The lawyers, however, advised Mkhwebane to approach the high court to determine the limitations of her powers, but she ignored the advice.
Further in his judgment, Judge Mabuse said: “In my view, by persisting with the issuing of the subpoena despite the explanation by the commissioner that he was manacled by provision of Section 69 of the TAA from disclosing such taxpayer information; ignoring legal advice from senior and junior counsel tells us something about the public protector.”
Mabuse further said all these factors demonstrate that the public protector either misunderstood the law or, if she understood it, she simply ignored it.
“That shows the proclivity of the public protector to operate out of the bounds of the law. She has an inexplicable deep-rooted recalcitrance to accept advice from senior and junior counsel.
“The public protector acted unreasonably, arbitrarily and in bad faith when she issued the 2019 subpoena.”

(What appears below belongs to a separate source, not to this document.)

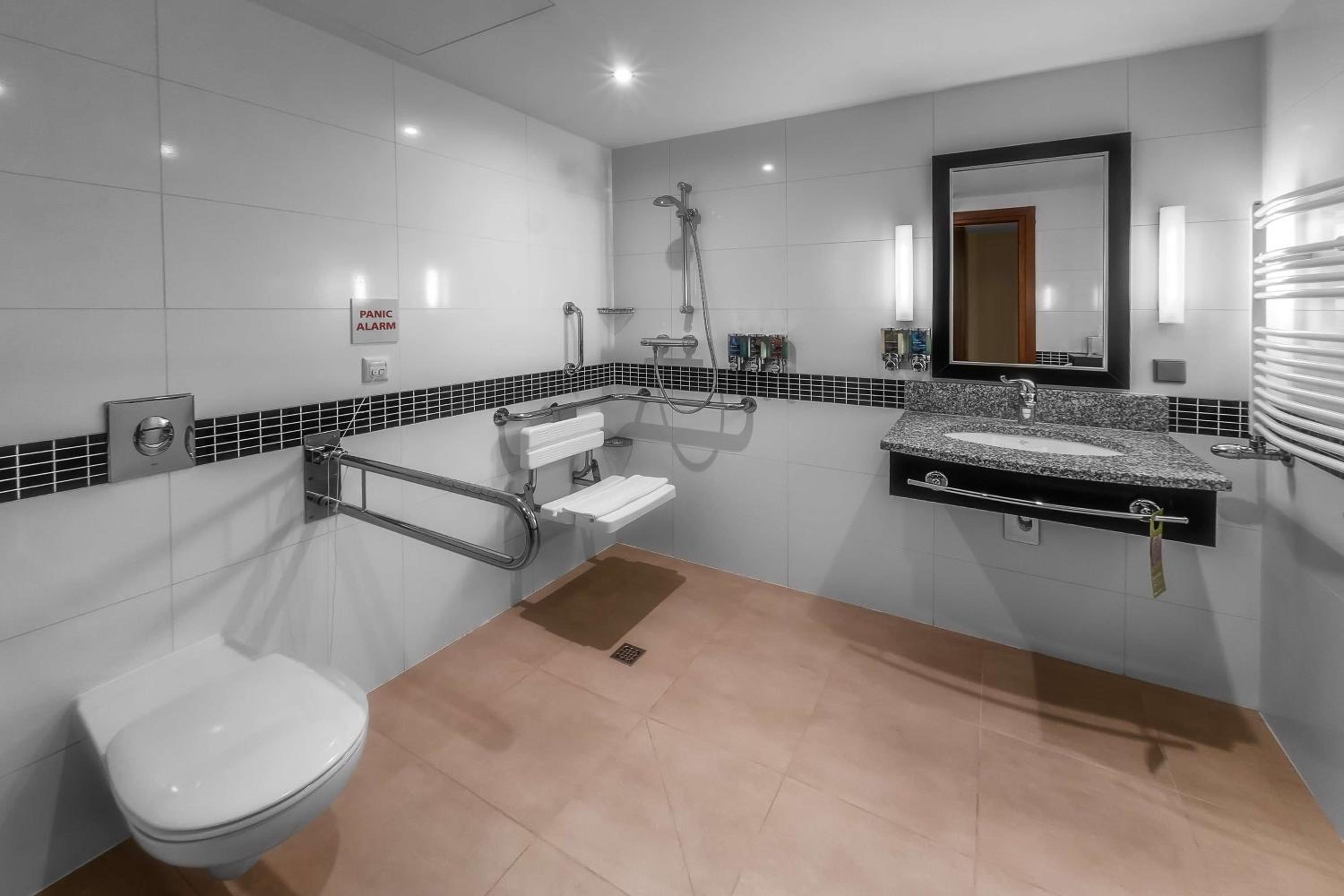 Queen Room - Accessible - Photo 2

He was adamant that Mkhwebane’s powers emanate from the Public Protector Act (PPA) and not from the constitution, saying they do not trump the provisions of the Tax Administration Act (TAA).

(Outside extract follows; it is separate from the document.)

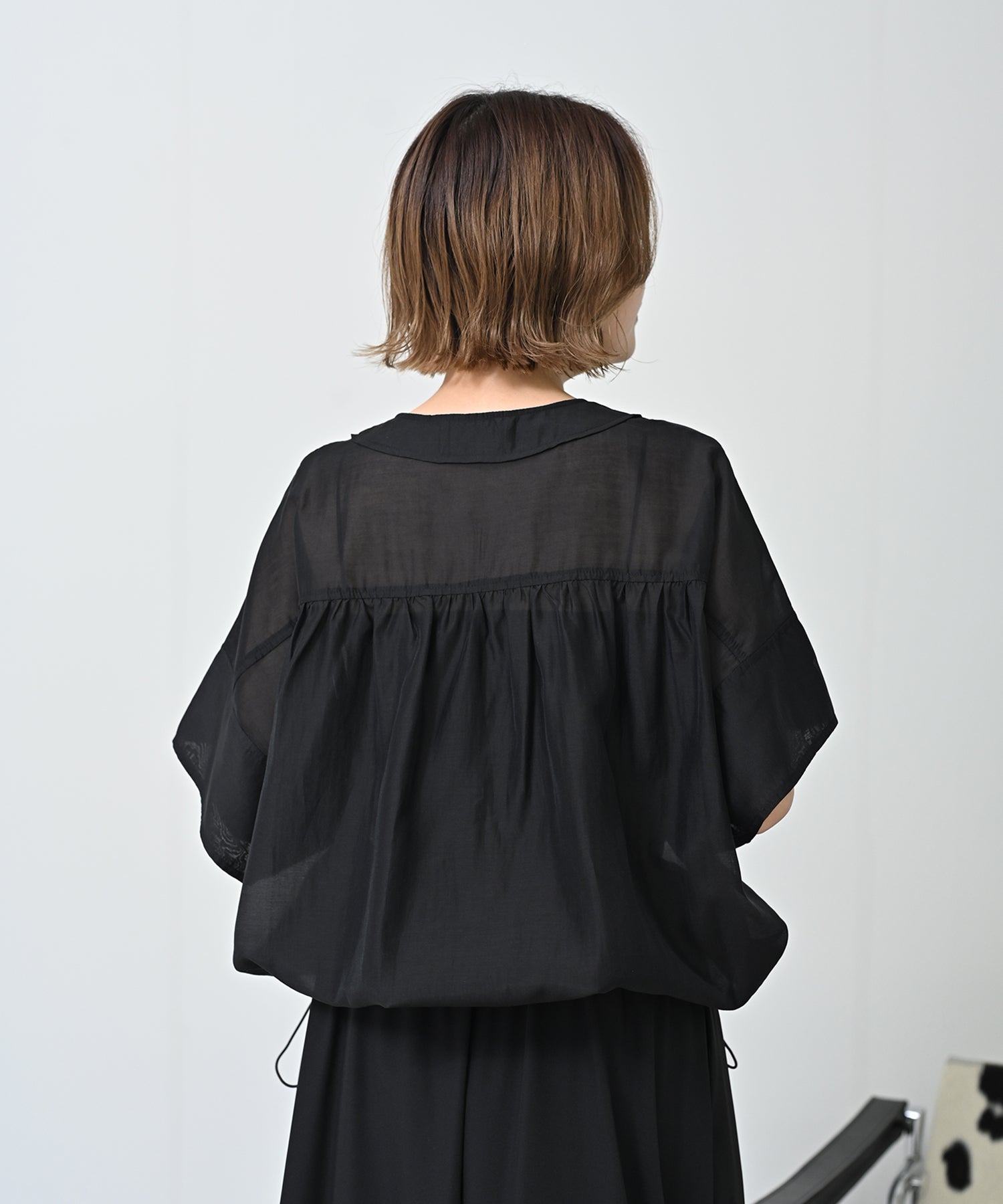ブラック　model：H167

“She does not have more powers than the constitution and national legislation confer on her. She is not at large to upstage the Constitution. We know of no law that gives her unfettered powers to ignore the Constitution and national law, in particular the TAA,” Mabuse said.
He added: “One of the requirements she had to satisfy for her appointment as the public protector was that she had to be an advocate. There was a reason for this requirement, and that reason was that the expectations were high that she would understand the law and she would apply it in her daily conduct. She would not adopt a devil-may-care attitude in the face of the law, advice and genuine legal opinion.”
In his order, the judge found that Kieswetter had made a strong case against Mkhwebane.
Meanwhile, Sars has welcomed the ruling.
It said in a statement: “In brief, the high court has confirmed that Sars is permitted in law, and in fact required, to withhold taxpayer information from the public protector. Sars is studying the judgment carefully and will provide a reasoned response in due course.”